We’ve all found ourselves drawn to someone by a compelling nuance-an impish smile, a wistfulness in the eye, even when logic is stacked against a liaison. Friends and family are usually quick to point out that you could do better. Sometimes they are right, but not always. That improbable person can also prove to be a loving and supportive partner, especially if their life has already taken them to the brink of disaster and afforded them an empathy seldom developed in a sheltered life.
Regardless of love-at-first-sight connections, the relationship still demands hard work. In our society of instant gratification, building a relationship may not seem worth the
effort. But love is layered, like the ocean. To achieve deep and fulfilling love, you need time.
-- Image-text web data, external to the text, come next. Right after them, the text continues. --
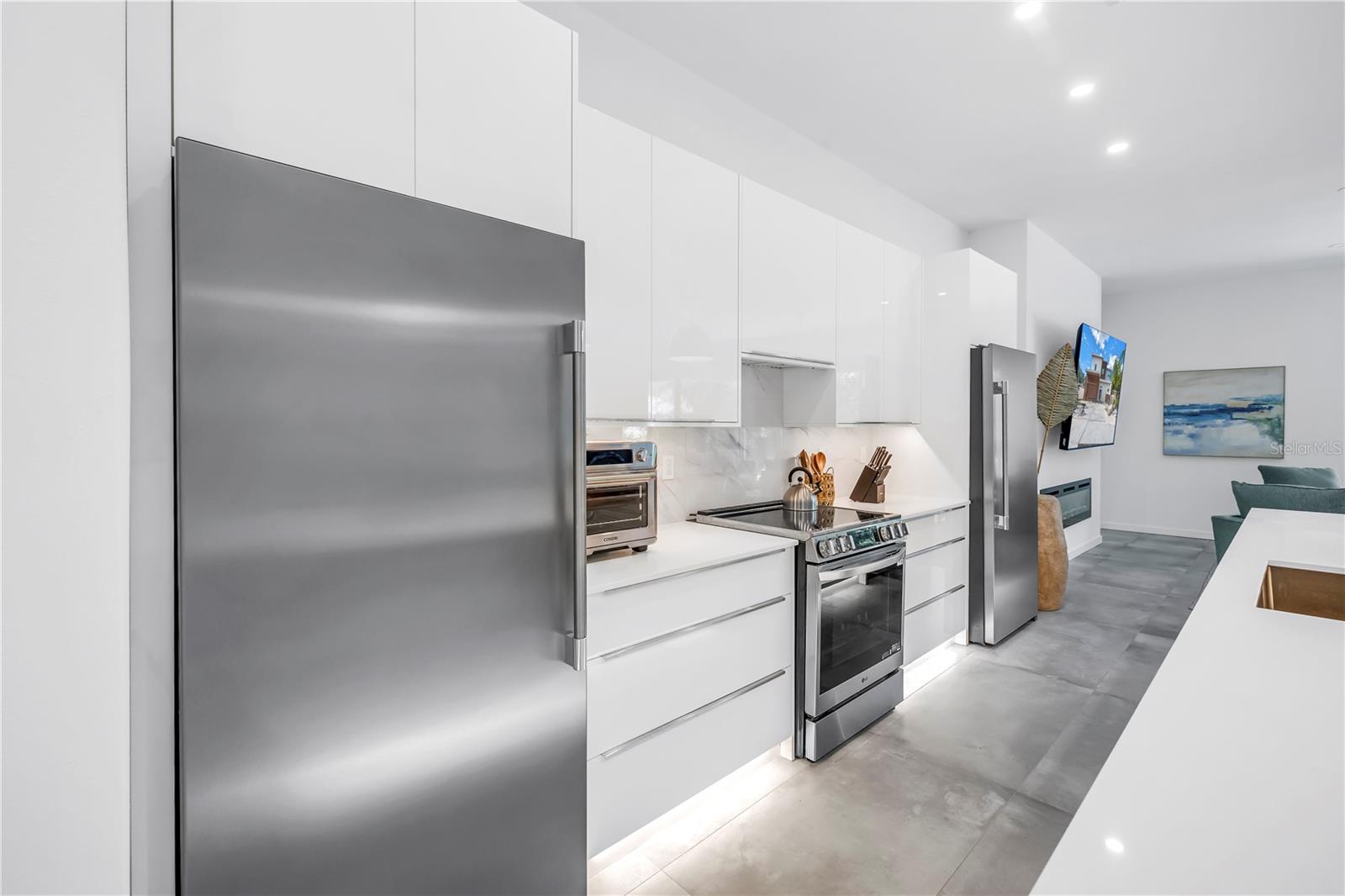 LOMA LINDA PARK - Residential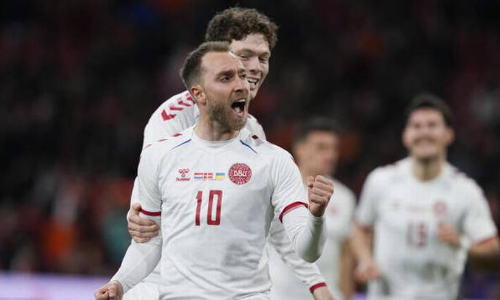 ഹൃദയങ്ങളിലേക്കൊരു ഗോൾ; ഗോ​ള​ടി​ച്ച് ക്രി​സ്റ്റ്യ​ൻ എ​റി​ക്സ​ണിന്റെ തി​രി​ച്ചു​വ​ര​വ് - വിഡിയോ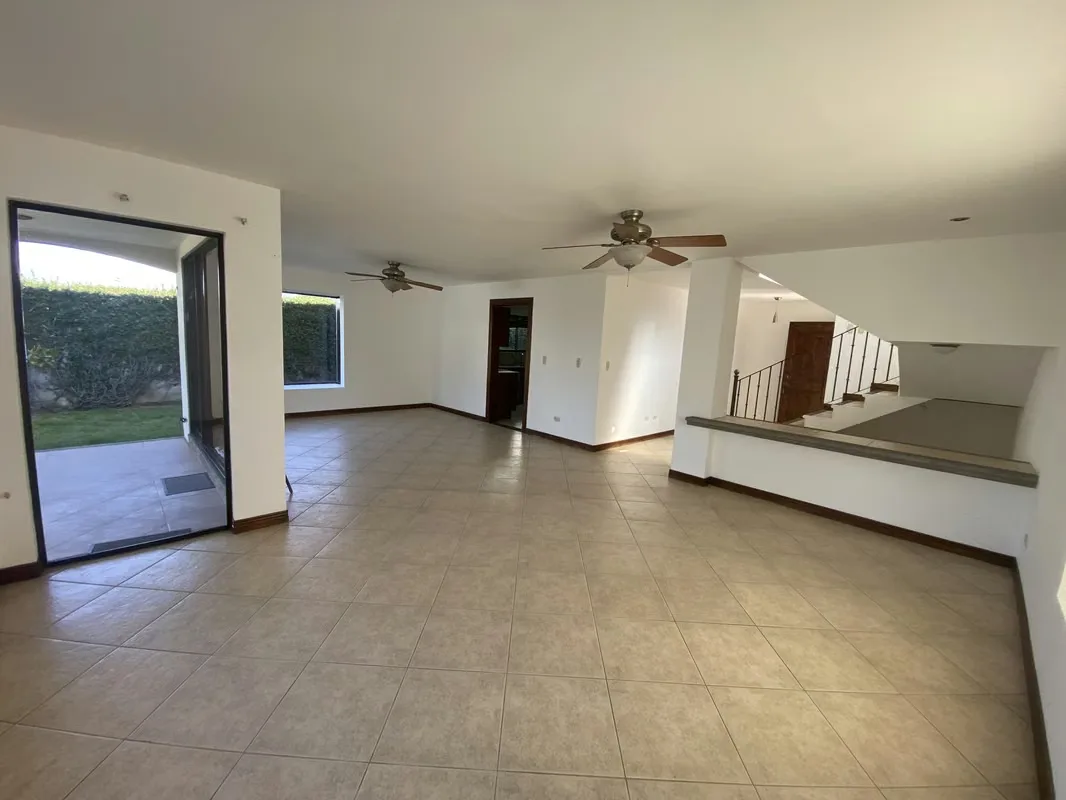 Amplia Casa en Condominio ubicado en Escazú, con seguridad 24/7 y amenidades.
To paraphrase a Native American adage: “A relationship of two depends on the patience of one. Living ‘happily ever after’ is a derivative of perseverance. The Grimm Brothers understood that when they wrote their fairy tales. Their characters had to work their way through a morass of traumatic events to achieve a happy ending. The fact remains: there is a distinct difference between an intuitive recognition of inherent good qualities in a potential mate versus the raging hormones that override common sense. The proliferation of divorce court television demonstrates this trend in bad choices. But it’s also possible to let the right person slip through your fingers.
I almost did. He called at my business to ask me out. I was overwhelmed, multi-tasking, I didn’t have time for a casual call so I cut our conversation short. Then an intuitive voice urged me to call him back.
It is during such small interludes of quietude that life-changing decisions are often made. They seem insignificant at the time, like a butterfly flitting past the window then whisked away by an errant wind. Thirty-nine years later, this gentle man helped me care for my mother as she succumbed to Alzheimer’s.
“You have such beautiful hair,” she often told him, and asked if he was her boyfriend. She clearly didn’t remember that she had disapproved of our marriage, telling me I could do better than marry a divorcee with children.
That might have been true, but I couldn’t have married a kinder person. A gut feeling-call it instinct-overrode logic. It’s not logical to argue that instinct is a hundred percent reliable, yet it does seem logical to assume that we are the sum total of our desires. As a rule of thumb, if you send good energy and positive action out into the universe, it will serendipitously come back to you.